My children are grown -- three adults and a teenager -- but I ordered toys from your company this week. A dear dear friend alerted me to your CityLife set and the boy with crutches. When I went to your site to see this wonder for myself, I saw the wheelchair set. I promptly ordered them both.

See, once upon a time, completely unprepared and without time to educate myself, my family was thrust into a world of leg braces, walkers, crutches, and ultimately, wheelchairs. Years have passed since those early days. But I can still feel in my gut the strong overwhelming need to color these as tools for my sons -- tools for achieving goals rather than objects that might make them seem different, or impede them in anyway....





The first time they were fitted for orthotics (leg braces), Mason got red padding, Benjamin blue -- as triplets they each had a color and the boys chose accordingly. But both had ribbon with puppy dogs on the velcro fasteners. And so instead of orthotics (toddlers couldn't really say that well) or braces (yech.), I called them "puppy dog shoes". I wanted to spin those little hard plastic supports into something desirable, something fun. Years later when the boys had graduated to having super heroes on their orthotics, we still called them puppy dog shoes.....




Likewise, when the therapist brought two little forearm crutches for Mason to try, I knew immediately I didn't want to use the word crutch with all the negative connotations. And so we called them Power Sticks. Even in adulthood, Mason refers to them as his sticks....just a shortened version of our lifelong moniker for them.

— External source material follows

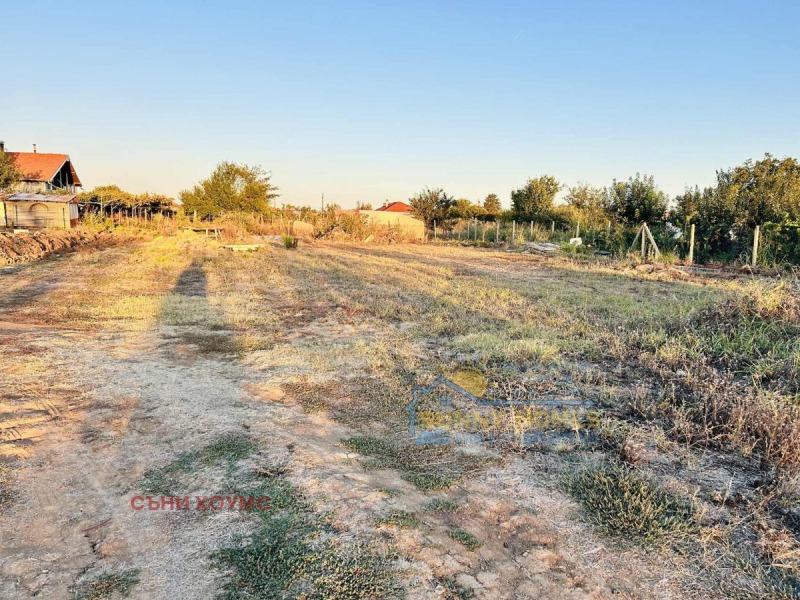 Продава ПАРЦЕЛ, област Велико Търново, с. Правда • 21990 € / 43008.70 лв. • 92351498 1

As eager as I was to rename our equipment to give a positive spin, I was equally frantic to find positive examples of people using puppy dog shoes, power sticks, wheelchairs.  It was almost impossible.

Franklin the Turtle had a friend who used Power Sticks. I purchased every single book I could find about that turtle in the hope that his friend would appear. We learned McDonald's had miniature Barbie dolls in their Happy Meals and one of these used a wheelchair. We sent our grandmother to McDonald's for her lunch every day until we acquired the toy. And we stumbled across a Rescue Hero action figure who used a wheelchair. We have kept that toy to this day.



So when your toys arrived in my mail today I cried. I want to send them to every child I know in an effort to normalize power sticks and wheelchairs. But I don't want to stop there. I want to hand them to every mom whose child has received a diagnosis that has whisked her into a world filled with an assortment of letters of the alphabet (CP, PT, OT, MRI, CT, ECG....) that probably meant little to her before but now mean everything. 




And while I am wishing -- can I ask you to keep going? I love the set -- the therapist pushing the wheelchair gives me an Occupational Therapist representing the triplet sister who is driven to help other families like ours. And perhaps the cute doctor with a ponytail will be my baby girl, Cate who wants to work with premature babies like her siblings were (she's only 15, so she has room to grow and learn, and change her plans.). 

But guess what? Young people in wheelchairs do so much more than go to therapy! 

Sometimes they go to college, sometimes they perform in plays, sometimes they write the plays, sometimes they change the world.




And young men with power sticks? They can use those sticks for impromptu microphones, they can go on archaeological dig sites, and they can leave the world better than they found it!









So thank you, Playmobil. Really. You have made me so happy. But please don't stop now. Please. I am begging you to use your toys, your creativity, your platform to spread awareness. You have an opportunity with these toys to show that there is power in power sticks! You have the chance to show there is adventure in wheelchairs.






I can't wait to see what you do next!!!